Indeed, reaction to Edwards’ revenue-raising proposals, made in a speech Thursday to the Louisiana Oil and Gas Association, was anything but hostile: He was greeted by standing applause before he started his speech and after he finished.

“He’s got an incredible challenge ahead of him,” said Chris John, president of the Mid-Continent Oil and Gas Association who attended the LOGA event in Lake Charles. “I think there was relief that we’re finally going to face our fiscal challenge in Louisiana.”

“At least he’s not talking about kicking the can down the street,” said John, a reference to the budget practices of Louisiana’s last governor.

Edwards was sworn into office in early January and walked into a financial mess: a $750 million hole in the current-year budget, and a projected $1.9 billion deficit in the 2016-17 fiscal year that begins July 1. And there is no money left in the various funds that former Gov. Bobby Jindal used to plug budget holes.

Edwards will ask legislators in February to adopt a temporary 1-cent sales tax and to eliminate corporate tax exemptions. Edwards also said he’ll ask the Legislature to call a statewide election on whether to keep the constitutionally protected federal income tax credit.

On Thursday, Edwards poked fun at the fact he was addressing an association that backed his opponent — Republican Sen. David Vitter — for governor last year.

“I may not be that person you supported for governor. … But I am your governor,” Edwards said.

It was Jindal, not Edwards, who received the bulk of criticism in one-on-one conversations among LOGA members.

“I would have preferred to see a Republican candidate win the election,” said Erick Knezek, a Lafayette Parish School Board member who owns an oilfield service company. “Republicans would have addressed (the fiscal crisis) differently.”

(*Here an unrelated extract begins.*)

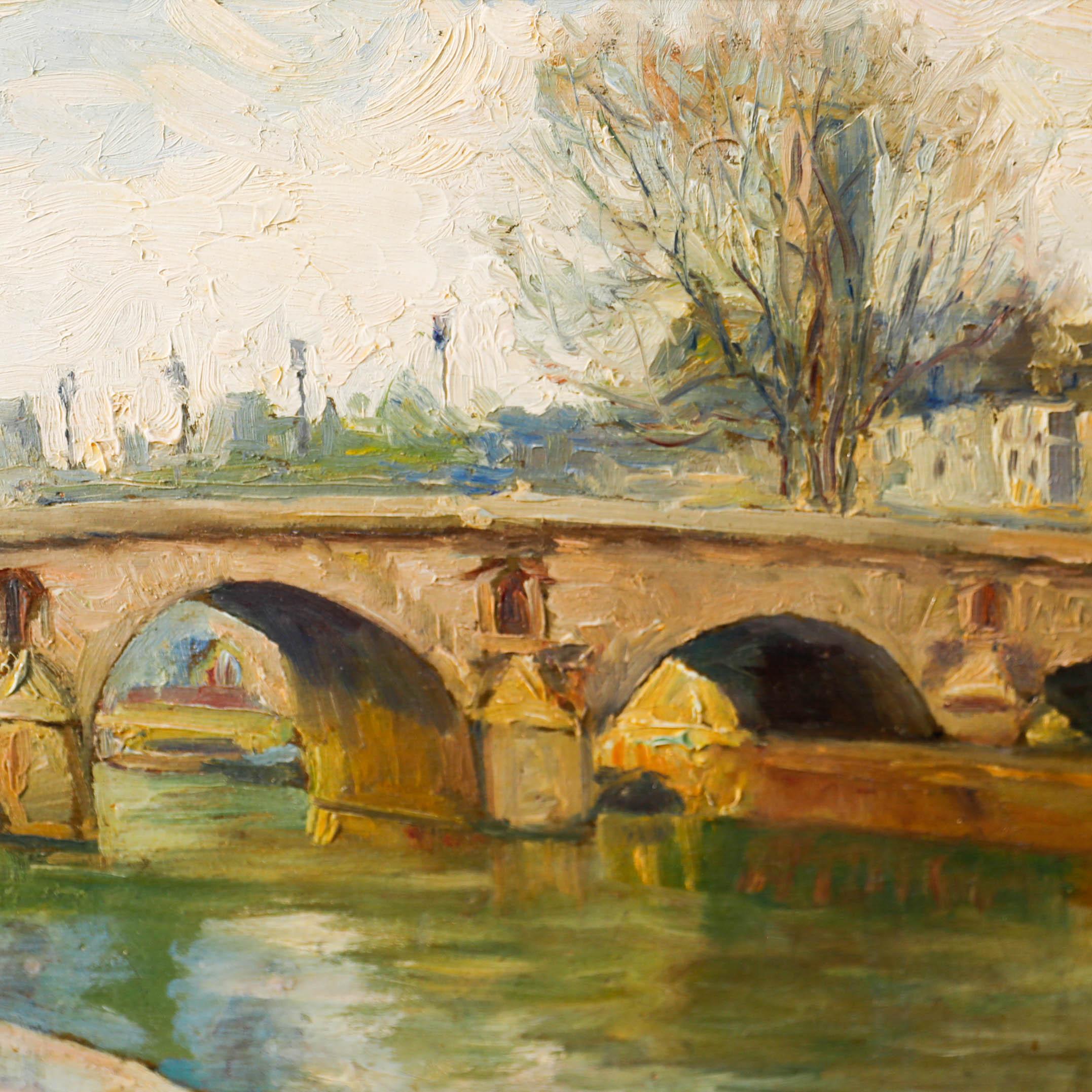 Dieses sanfte impressionistische Gemälde zeigt eine alte Pariser Brücke, die die Seine überspannt und deren Bögen sich subtil im ruhigen Wasser spiegeln. Die gedämpften Farben und die sanfte Pinselführung vermitteln ein Gefühl von Leben und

Reminded that Jindal was a Republican, Knezek quipped, “Jindal was a presidential candidate for eight years.”

The harshest criticism of Edwards’ plan came from state Treasurer John Kennedy, who repeated his often-used phrase about Louisiana having a spending problem, not a revenue problem.

And he made a prediction: “It will be the largest tax increase Louisiana has ever seen,” said Kennedy, a Democrat-turned-Republican who is running this year for the U.S. Senate.

Don Briggs, who formed LOGA in 1992 and remains its president, acknowledged at a mid-January association meeting in Lafayette that the state’s budget is in tatters. Briggs also said at the time that he was skeptical about how Edwards would find the $2.65 billion needed for this year and next.

“Where are they going to make that up? On the backs of industry,” he said. Briggs added that Edwards is “a good guy, a good man. … But he’s always on the other side of the fence on” issues important to LOGA.

After hearing Edwards in Lake Charles, Briggs said, “I, for one, am excited.”

Edwards has reached into the Republican ranks to pull veteran politicians into his administration: Former Lt. Gov. Jay Dardenne, who also was a candidate for governor last year, is now Edwards’ commissioner of administration. And former Sen. Robert Adley is the executive director of the Louisiana Offshore Terminal Authority.

Adley, a longtime legislator in both the state House and Senate, owns Pelican Gas Management and serves on the Southern States Energy Board.

He introduced Edwards to LOGA on Thursday.

John, of the Mid-Continental Oil and Gas Association, said the governor can expect opposition to his tax plans; erasing the exemption of the industrial utility tax would hit hard the chemical plants the association lobbies for.

“I don’t think any of us is going to lay down on taxes on businesses. We understand our roles,” John said.

But bringing Adley into the loop and enlisting energy industry help “certainly signals to us that (Edwards) wants to work together,” John said.